# 2005 Maxima Clutch Pedal issues



## halveen (Aug 16, 2009)

I have been doing some research on my 05 Max and have seen several similar post but none with an answer that sounds like resolved the problem.

I bought a 05 Maxima in Fall of 2007. It had 28000 miles on it. Now I have over 75000 on it. At about 35000 I had an issue with the clutch pedal. When depressed, the clutch pedal would not fully return to normal position. It would stay against firewall.

It would literally only return 1 to 2 inches. The clutch is certainly disengaged and the car does just fine. It was sometimes a bit difficult to shift because you only have the 1 inch of travel to shift... very awkward.

I took it in and of course they "Have never seen anything like it". Also, of course, I was unable to reproduce the problem when I brought it in. I took it to another place to have it looked at. They bled the line and were not sure if it would help, it did not.

I have had the problem recently and it is driving me crazy. People say maybe the master, maybe the slave, maybe the fluid... I also see several post of that not solving the issue.

It does seem to be more problematic when driving long distances and the summer has brought the issue up more than the winter.

Generally the clutch pedal travel will get better especially if I turn the car off for any period of time. Sometimes it gets better while driving.

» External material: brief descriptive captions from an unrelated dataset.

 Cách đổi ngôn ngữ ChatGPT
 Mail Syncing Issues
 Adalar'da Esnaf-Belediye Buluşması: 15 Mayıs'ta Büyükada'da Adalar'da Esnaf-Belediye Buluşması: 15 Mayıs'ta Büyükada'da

Does this makes sense to anyone? Please help.


----------



## PbLead (Aug 8, 2009)

I would replace the master cylinder and the slave cylinder. It's the only guaranteed fix if it's a hydraulic system issue. I would however have it done by a dealer because the master cylinder needs to be adjusted so the clevis pin floats freely when the pedal is released. And really no one else knows anything about that. Also bleeding them is a bitch. The only other thing it could be is the pressure plate.


----------



## halveen (Aug 16, 2009)

*Thanks*

I am going to have someone look at those items. That has been about the extent of suggestions. It has been a bit annoying... I have seen other people replace these 2 and it has not worked. If I get some feedback, I will let you know. Thanks.


----------